ABOUT THIS TASK
In the data below, find the line containing "Handmade Pink Rose" and the line containing "Vestido de talla", then reproduce them and every line between, exactly. Omit pictures.

RECORDS SHOWN

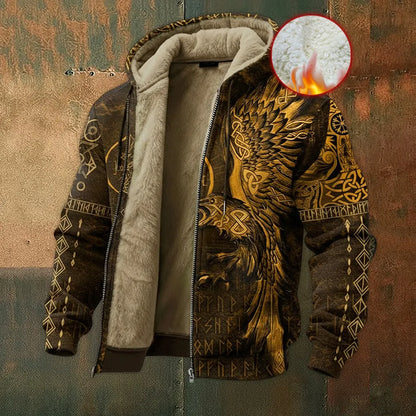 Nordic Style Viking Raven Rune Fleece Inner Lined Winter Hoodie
---
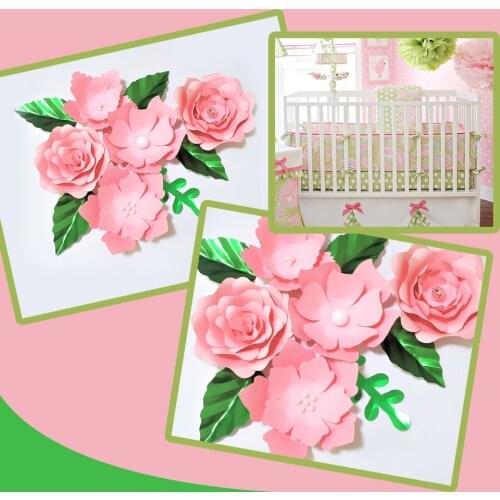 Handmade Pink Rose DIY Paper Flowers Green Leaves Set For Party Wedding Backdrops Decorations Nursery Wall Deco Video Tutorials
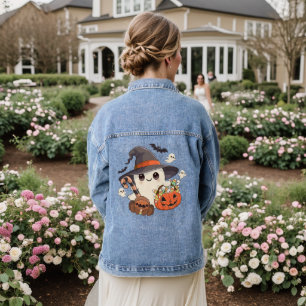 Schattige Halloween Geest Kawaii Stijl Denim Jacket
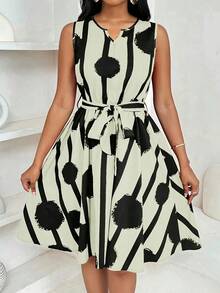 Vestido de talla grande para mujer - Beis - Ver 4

ANSWER FOR THE TASK
 Handmade Pink Rose DIY Paper Flowers Green Leaves Set For Party Wedding Backdrops Decorations Nursery Wall Deco Video Tutorials
 Schattige Halloween Geest Kawaii Stijl Denim Jacket
 Vestido de talla grande para mujer - Beis - Ver 4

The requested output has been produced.